Below are the entries. Print only the lines starting at the one with "At Rusty Wallis" and ending at the one with "Take this 2013", exactly, with no pictures.

EXERCISE INPUT:
_ _ _ _ _
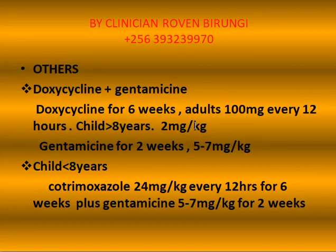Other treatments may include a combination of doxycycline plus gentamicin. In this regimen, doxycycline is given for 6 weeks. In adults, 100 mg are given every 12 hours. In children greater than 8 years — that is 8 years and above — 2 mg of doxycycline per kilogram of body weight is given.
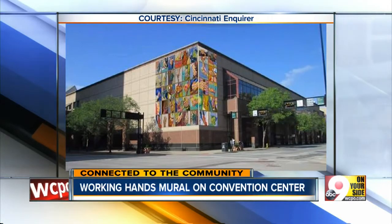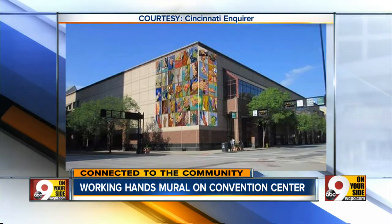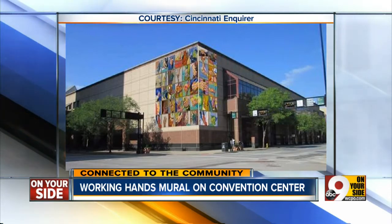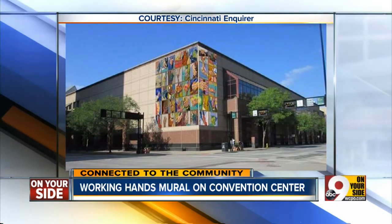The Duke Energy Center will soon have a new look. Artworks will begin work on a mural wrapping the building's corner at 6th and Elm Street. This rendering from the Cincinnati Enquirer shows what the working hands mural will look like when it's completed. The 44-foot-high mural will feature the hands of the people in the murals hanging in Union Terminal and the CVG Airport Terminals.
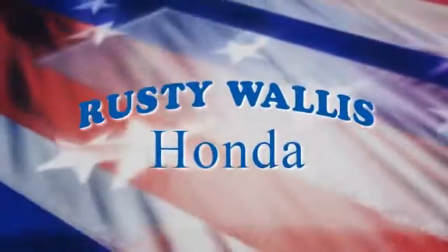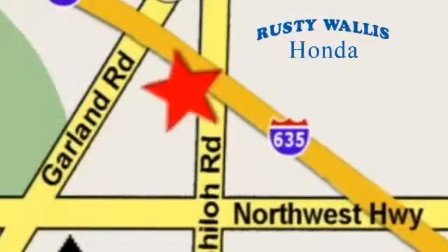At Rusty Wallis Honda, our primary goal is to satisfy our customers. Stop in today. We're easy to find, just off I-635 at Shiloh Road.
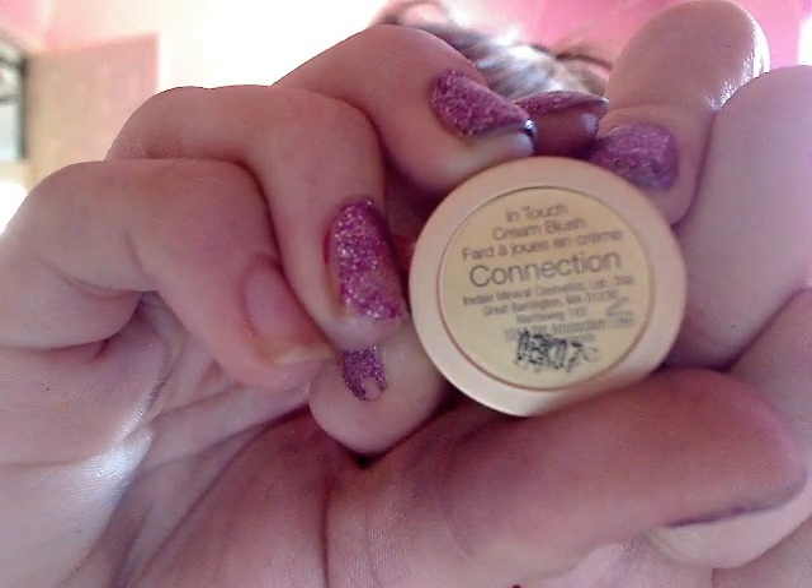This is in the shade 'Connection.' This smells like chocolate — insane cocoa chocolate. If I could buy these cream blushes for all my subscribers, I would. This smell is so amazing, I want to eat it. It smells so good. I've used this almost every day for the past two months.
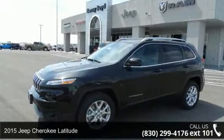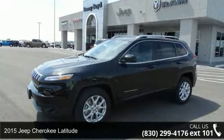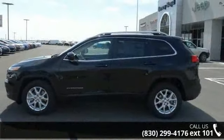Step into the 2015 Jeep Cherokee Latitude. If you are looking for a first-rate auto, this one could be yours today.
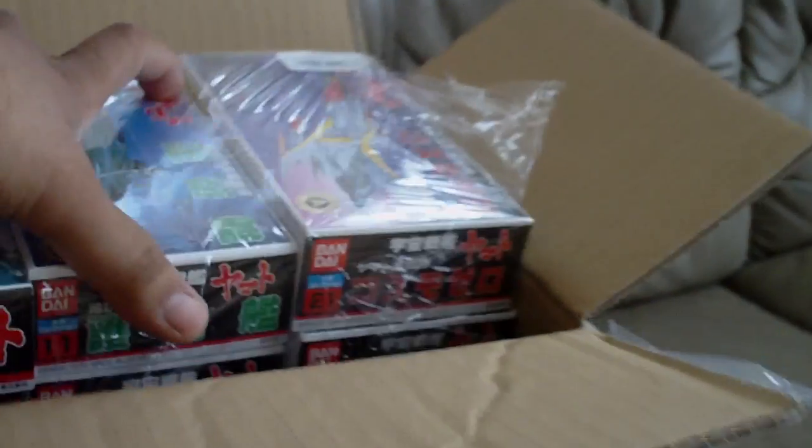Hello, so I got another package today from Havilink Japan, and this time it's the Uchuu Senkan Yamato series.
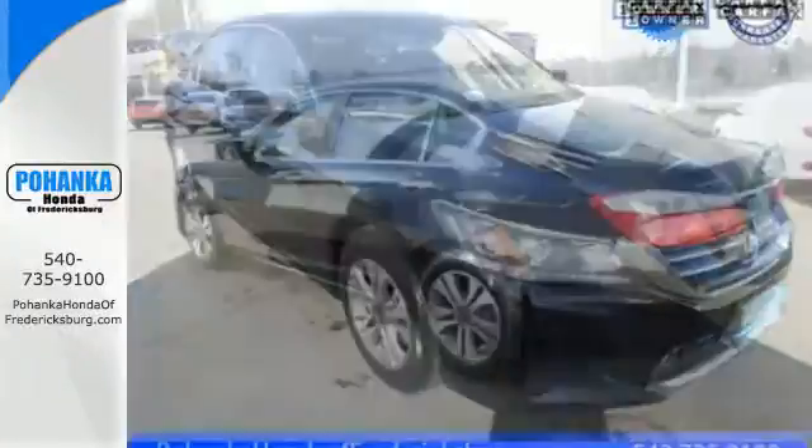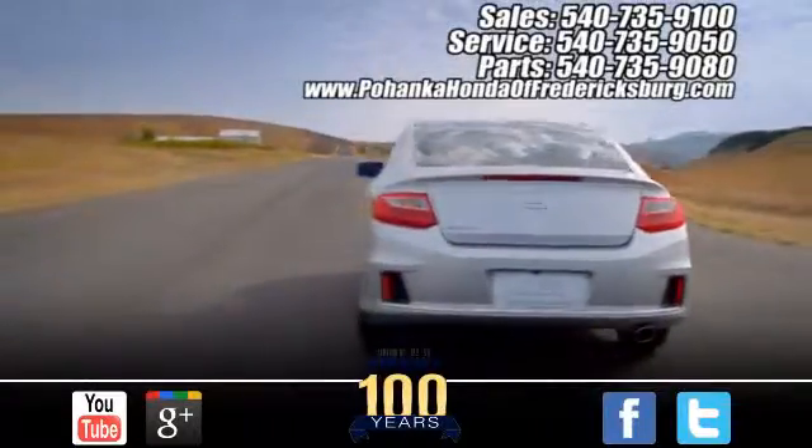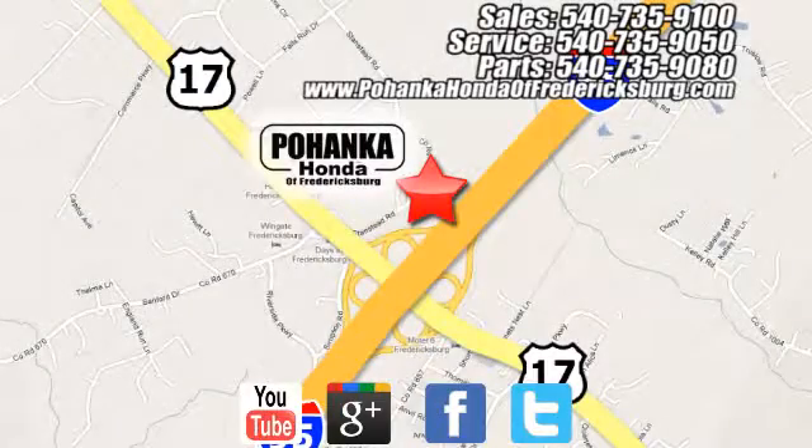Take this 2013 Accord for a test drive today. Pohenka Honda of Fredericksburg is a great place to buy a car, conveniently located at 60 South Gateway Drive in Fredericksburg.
_ _ _ _ _
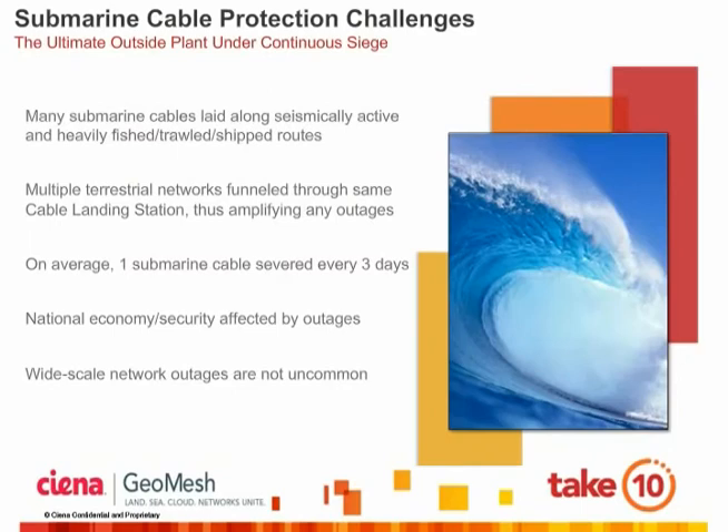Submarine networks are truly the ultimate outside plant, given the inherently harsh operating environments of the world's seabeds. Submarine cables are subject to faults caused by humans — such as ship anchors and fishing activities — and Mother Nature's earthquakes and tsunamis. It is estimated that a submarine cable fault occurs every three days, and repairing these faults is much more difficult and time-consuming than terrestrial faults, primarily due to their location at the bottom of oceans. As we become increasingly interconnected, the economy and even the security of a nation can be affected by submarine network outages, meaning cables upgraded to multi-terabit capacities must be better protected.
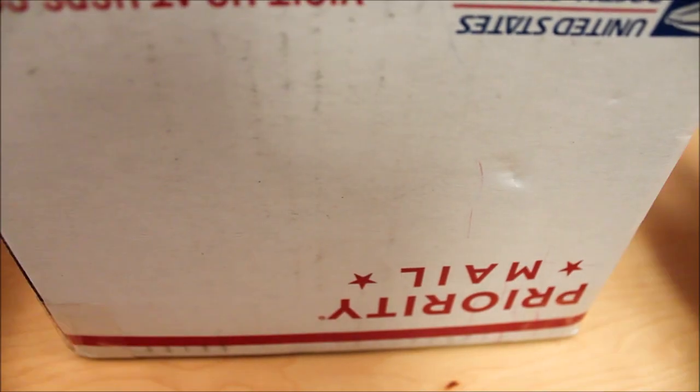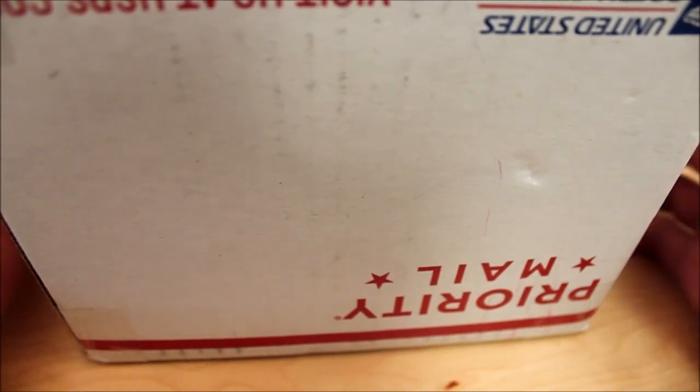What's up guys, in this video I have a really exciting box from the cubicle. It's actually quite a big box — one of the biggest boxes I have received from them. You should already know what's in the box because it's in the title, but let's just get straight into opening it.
_ _ _ _ _
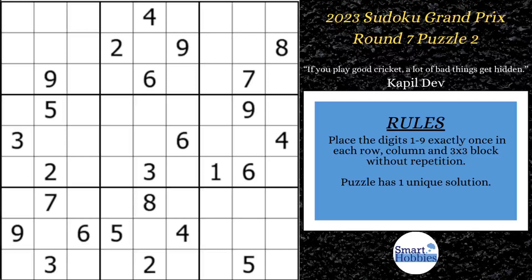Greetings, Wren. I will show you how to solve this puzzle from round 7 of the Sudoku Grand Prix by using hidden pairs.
_ _ _ _ _
FINISHED TASK:
At Rusty Wallis Honda, our primary goal is to satisfy our customers. Stop in today. We're easy to find, just off I-635 at Shiloh Road.
This is in the shade 'Connection.' This smells like chocolate — insane cocoa chocolate. If I could buy these cream blushes for all my subscribers, I would. This smell is so amazing, I want to eat it. It smells so good. I've used this almost every day for the past two months.
Step into the 2015 Jeep Cherokee Latitude. If you are looking for a first-rate auto, this one could be yours today.
Hello, so I got another package today from Havilink Japan, and this time it's the Uchuu Senkan Yamato series.
Take this 2013 Accord for a test drive today. Pohenka Honda of Fredericksburg is a great place to buy a car, conveniently located at 60 South Gateway Drive in Fredericksburg.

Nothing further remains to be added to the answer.